After giving the quicks the courtesy of starting the day's play, Punter finally throws me the cherry and says, "wrap this up by tea, and I'll buy you beer" to which I reply, "you're all heart skip, but I'll be well and truly on the scotches by then."

 

My first pole for the day was Freddy Fuckup Flintoff, isn't this bloke in rare form?, great decision by the ECB to hand the pressures of the captaincy on to one of the two blokes that can play.

 

Then out trots Geraint Owen Jones. As he nears the crease Pigeon starts laughing again, and when pigeon laughs, everyone laughs, he just has one of those laughs... then Haydos catches his breath at second slip and asks Pigeon why the cackle?... Pigeon says, "Is that zinc cream he's put on?... does he seriously think he's going to be here long enough to get sunburnt?”... Crack up 4 for the day, then Punter runs him out in a way that only a sneaky Tasmanian could. Surprisingly, Geraint trudges off with a "0" next to his name, "Bad luck" cackles Pigeon as he jogs past, "you got a ripper"... Crack up 5.

 

Our new bloke got their new "ring in" that again, looks anything but Pom. My next pole was Harmless, and as he's trying to work out where the player’s gate is, I've told him to get into Freddy's ear about a promotion up the order next test, as he's averaging more than Geraint.

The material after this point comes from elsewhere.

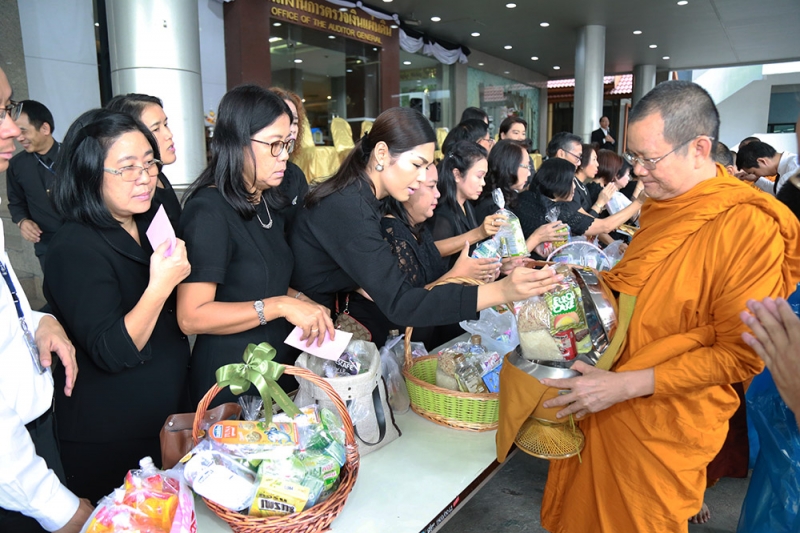 ตักบาตรปีใหม่ 2560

Then I make light work of, and give a free lesson in spin bowling to the terrorist, and that's all she wrote..... how farking easy was that??... 3-0 with 2 to play, Ashes officially back home, Poms are dumb and founded out, I'm on the sauce with the boys and on with Kay Pee's missus a bit later, and 1 Pommy pole to bring up 700, AND ... I'll be in my home town to do it. If that's not enough to warrant a massive swim through and a couple of sluts... WHAT IS??